TAMBABA (parte III) - Últimos momentos

Pra manter a ordem, vários policiais passam fazendo rondas na praia. No começo intimida ver os caras no traje oficial andando no meio dos peladões, mas acabei me acostumando. Qualquer ato ofensivo, qualquer problema que interrompa a ordem no local pode ser denunciado aos tiras.

Apesar do respeito, vez por outra aparece alguém pra criar problema. Segundo um naturista com o qual conversei, tem vezes que uns engraçadinhos arranjam umas prostitutas e vem pra Tambaba achando que por ser permitida a nudez, pode se fazer de tudo. “Houve um caso em que veio um grupo de homens embriagados com prostitutas de Recife. Eles chegaram de madrugada e ficaram na praia bebendo mais. Amanheceu e as pessoas que chegavam acabaram se deparando com eles dormindo um por cima do outro, com camisinhas jogadas. Com esses problemas a imagem do naturismo acaba ficando suja”, comentou.

Tem gente que acredita que as praias de NATURISMO são verdadeiros inferninhos. Todo mundo nu, com as coisas balançando e muito entre e sai. Falsas impressões. Para uma praia de NATURISMO funcionar oficialmente é preciso tanta regra que acaba provocando muitas reclamações por parte de quem tem curiosidade de freqüentar. Para se ter idéia, homem só entra acompanhado de uma mulher. E uma mulher que estiver menstruada não pode ficar vestida, tem que utilizar um absorvente interno. E mais, qualquer coçadinha mais demorada nas partes, já pode ser interpretada como masturbação.

Quem vai a Tambaba tem que ir com dinheiro em mãos. Lá não se usa cartões. Eu, pateta que fui, não me liguei nisso e por pouco não fiquei zerado. Tive que tirar um dia para ir à Jacumã, a praia mais próxima que conta com um caixa-eletrônico. Para tanto, acordamos cedo, eu e Priscila, e subimos vestidos até a Arca do Bilú, onde é o ponto de ônibus. Perguntamos a um atendente do restaurante sobre o horário do busão e o cara disse que já havia passado um e o próximo ia chegar por volta de uma hora da tarde. Ainda eram 09h. Ficar esperando até lá não rolava. O cara disse que tinha carro no restaurante e que levava a gente até Jacumã por R$ 15. Muito caro!
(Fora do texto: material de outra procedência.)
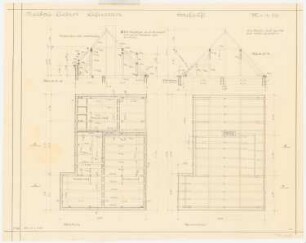 Wohnhaus Liebert, Berlin-Lichtenrade: Dachstuhl: Sparrenlage, Schnitte 1:50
O restaurante estava com um banquete de café-da-manhã pronto para servir os hóspedes. Perguntamos para a dona quanto ela fazia um café pra gente e ela fechou por 7 contos para cada. Ficou um bom preço tendo em vista o baita café-da-manhã. Tinha de tudo e bem quentinho e fresco. Frutas, sucos, ovo frito, macaxeira cozida, carne de sol, tapioca e os cambal.
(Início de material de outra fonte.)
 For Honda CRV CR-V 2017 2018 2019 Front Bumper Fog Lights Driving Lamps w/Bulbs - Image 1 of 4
Rangamos bem. Quando ainda digeríamos, chegou um caminhão de lixo com uma turma de garis para dar uma limpada no local. Priscila se virou pra mim e disse: “Ramon, se ligue boy, vá lá arranjar uma carona pra gente”. Pô, carona no caminhão de lixo rola, Priscila? “Rola sim, mermão, vá lá se não a gente vai mofar aqui esperando um ônibus”. Então eu fui e consegui uma carona muita da boa pra gente.
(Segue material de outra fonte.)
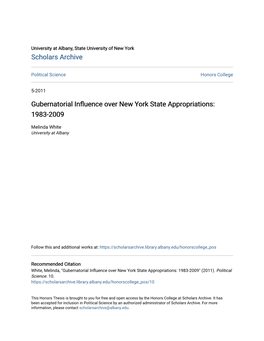 Gubernatorial Influence Over New York State Appropriations: 1983-2009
Marinalvo, o motorista, chamou a gente pra ir no banco da frente com ele. Disse que já havia dado carona para outros naturistas e que não tinha problema nenhum em fazer isso, afinal ele tinha que fazer a limpeza na praia duas vezes por dia, uma pela manhã e outra à noite.

Perguntei a ele se alguém famoso veio à praia durante o evento e ele me respondeu que viu a Mulher Samambaia. “Eu fiquei impressionado com ela. Tirava foto com todo mundo, era simpática, não andava com segurança nem nada. Tirou até foto abraçada com os garis”, disse. E ela não ficou pelada não? “Ela veio fazer matéria para o Pânico, começou só de biquíni, depois tirou a roupa. Todo mundo foi bater foto. Ela tem um corpão, mas é aquele negócio, muito cheio de silicone”, comentou. Depois fiquei sabendo que as cicatrizes das cirurgias dela davam pra ver de longe. Mas isso foi comentário das mulheres. Os marmanjos mesmo, só se ligaram no tamanho do pandeiro (Veja algumas fotos) .

Fomos à Jacumã. Retiramos uma grana e aproveitamos para ir à praia. Tomamos banho, caminhamos, conhecemos a orla, almoçamos, sempre enchendo a cara. Tava tudo muito bom, mas eu queria mesmo é ficar pelado, então vimos que estava na hora de voltar pra Tambaba. Antes de ir, passamos num mercadinho e fizemos umas comprinhas para o café-da-manhã do outro dia. Ainda deu pra levar uma cachaçinha da terra. Esperamos o último busão do dia, pegamos e rumamos à Tambaba.

Em Tambaba, já anoitecendo, ficamos sabendo que havia rolado um campeonato de surf naturista. Todo mundo peladão pegando onda. Quem também apareceu por lá foi o Maurício Kubrusly (vestido) fazendo matéria para o Fantástico. As pessoas já se despediam. Muitos iam embora. Era o último dia do congresso. A única festa que ia rolar, batizada de “Adão e Eva”, foi cancela. Não restava mais nada a não ser curtir as últimas músicas que uma banda estava tocando, por sinal, ao lado da nossa barraca.



Os poucos que restaram estavam animados, dançando e conversando muito. Priscila foi desabar de sono na barraca e eu fiquei com a minha long neck de cachaça. Fiquei curtindo o som e vendo a lua surgir lá no horizonte do mar.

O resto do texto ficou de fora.